Humans communicate with words, scent and body language. On the technical point, a teacher I know tells me that body language is 80% of communication, where you stand, how you stand, is what matters, tone and pitch convey 15% of the message, only 5% is the actual word meanings. It may be subconscious but the way you stand affects your control as a teacher, or lack of it, and communicates to the class more than anything else. If anyone read the Mail last week, you will have read about the Silent Talker, which is a new form of lie detector test, that reads the facial body language and this confirms these percentages.

Dogs in order to survive over the last 13,000 years needed to learn to understand us by reading our body language, the tone of voice, our moods, and our scent signatures. It does seem that whatever language you talk in, your feelings, moods etc are being translated into a very similar body language. I watched a Frenchman, whom I knew could speak in three other languages, yet his actions were so similar, whomever he talked to, in any of those languages.

When I was sixteen, I lived with a family in Germany for two weeks, and they could all speak excellent English, but they would not do so unless I was really having difficulties. The lifting up of a bottle of wine, partly tilting it, giving a smile, plus the tilt of the head towards my glass, was sufficient to know the question asked of me. Look at the way we display with our arms and hands, when we say no thank you. We cross and uncross our arms with the palms of our hands forward, or just display a single palm. We always look at someone’s face first, when meeting people to gauge their mood.

Body language in all its forms is the most important way in which we communicate with people and our dogs. The 5% we attribute to words are only useful to those who understand and speak our language and dogs do not.

The way we use words when commanding our dogs causes them confusion. In any language, how many commands do you have for come? There is "come", there is "Rover come", we have "Rover, come here now", "Rover get yourself here now." I am certain there are many more and even more if you include the tone change from happy to being angry. Your dog may pick out the simple "come" from all the other unimportant gibberish or your dog has learnt six or seven different very long one word commands all for the same action.

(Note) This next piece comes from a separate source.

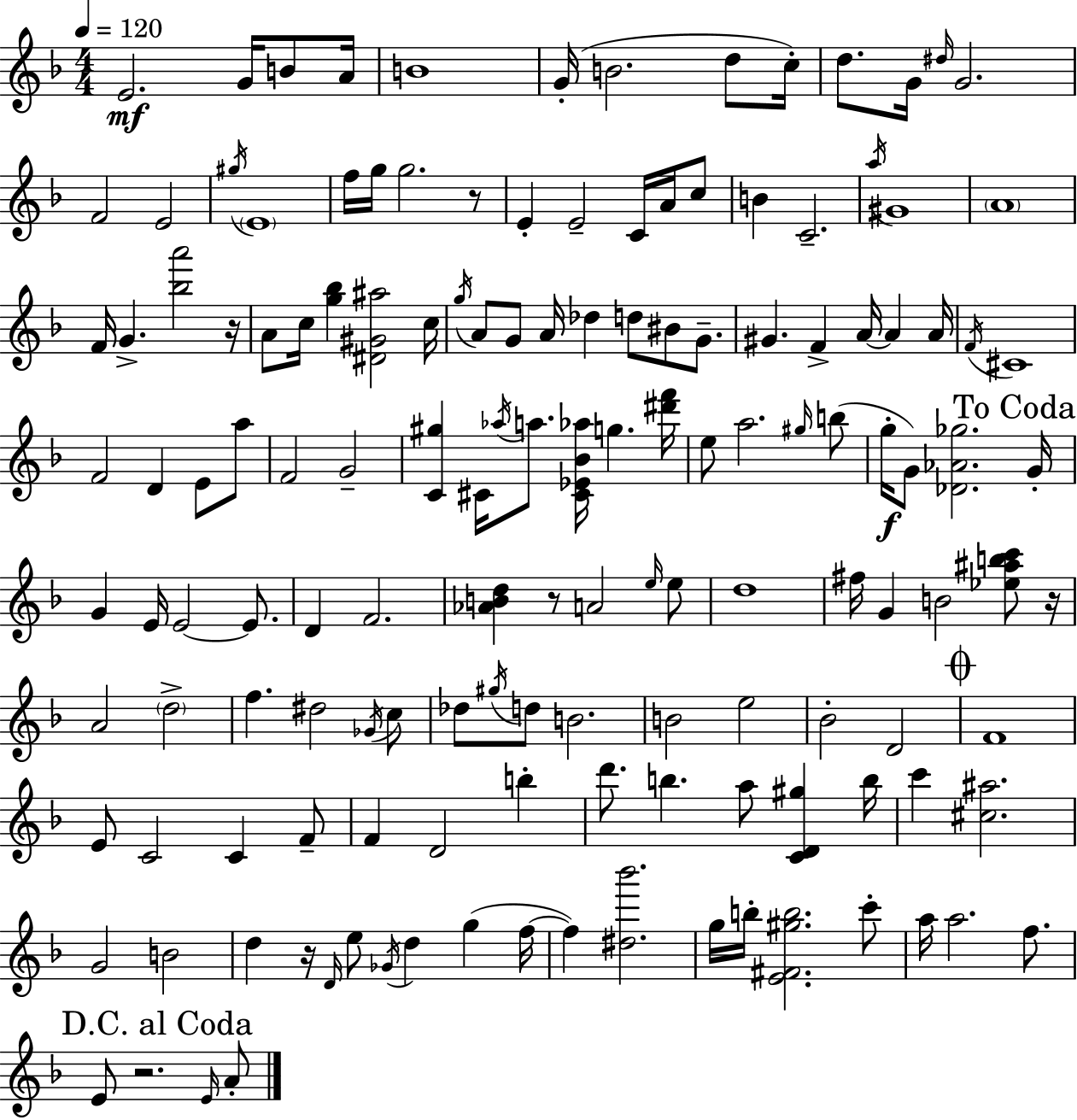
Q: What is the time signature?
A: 4/4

It is then handlers say to me but you are always talking to your dogs. This is a fair observation. When teaching criminal work we need to have the dog playing retrieve of the padded sleeve, and enjoying the only game where it is allowed to pull and win, before they meet "the criminal". When we teach the dogs to fetch the sleeve from the criminal, the handler must restrain the dog from moving forward, the criminal will bait the dog with the sleeve showing loads of aggression, shouting and waving the arm but holding out the sleeve in a teasing motion, then the handler on the other hand will talk loudly to his dog to say to get the sleeve, its your sleeve or fetch the sleeve. This builds up the excitement in the dog to bark, and he tries to jump forward but cannot. The Criminal, when he sees the dog lunge forward, will change to show fearfulness and retreat from the dog, building even more confidence. At the right time, the handler releases the dog to jump forward, biting the sleeve and receiving loads of praise from both criminal and handler. (This is for civilian training) The question does come up: Why do we use all these words, to excite the dog, if they do not understand?

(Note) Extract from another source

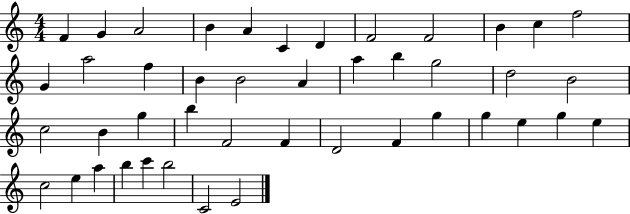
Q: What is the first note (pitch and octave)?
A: F4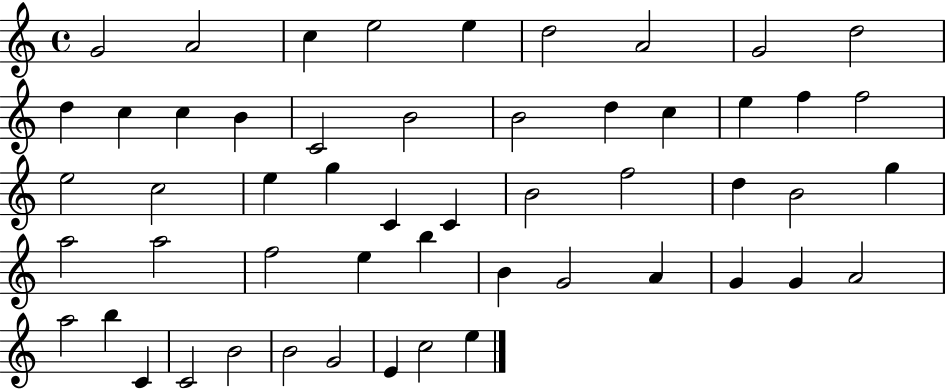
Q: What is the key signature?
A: C major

The criminal is baiting the dog and is playacting, as is the handler, and in order to display aggression, fearfulness, excitement for the dog to understand they role-play to help them display the appropriate body language. To the dogs, the words are probably just like excited barking.

For a demonstration we take a handler and a toy dog and he must verbally abuse the dog telling it that is the worst dog he has ever seen, show he is angry, and wave his arms about. The second time we then tape up his mouth and ask him to show the dog the same anger without words. So far so good. We then show the handler some short naughty rhymes and to pick out the one he likes best and memorise it. He then has to still show his anger as before at the toy dog but repeat the rhyme in his head. This creates laughter from his mates because they see the confusion of body language between anger and humour created by the rhyme. They do not know the rhyme but know something is funny.

Dogs have been reading human body language for over 13,000 years in order to survive, so they excel at this. I hope you can appreciate that whilst your dog does appear to understand what you are saying, it is actually translating your body language and actions. This means you can give your dog a mixed message by using so many similar sounding commands. You think your dog should understand, you become angry, your body language changes, which is what the dog is really reacting to. From the dog’s point of view, you are moving, or standing differently, your tone and pitch have changed, so the command must be different, it does not consider the exact rhythm of your barking to be important.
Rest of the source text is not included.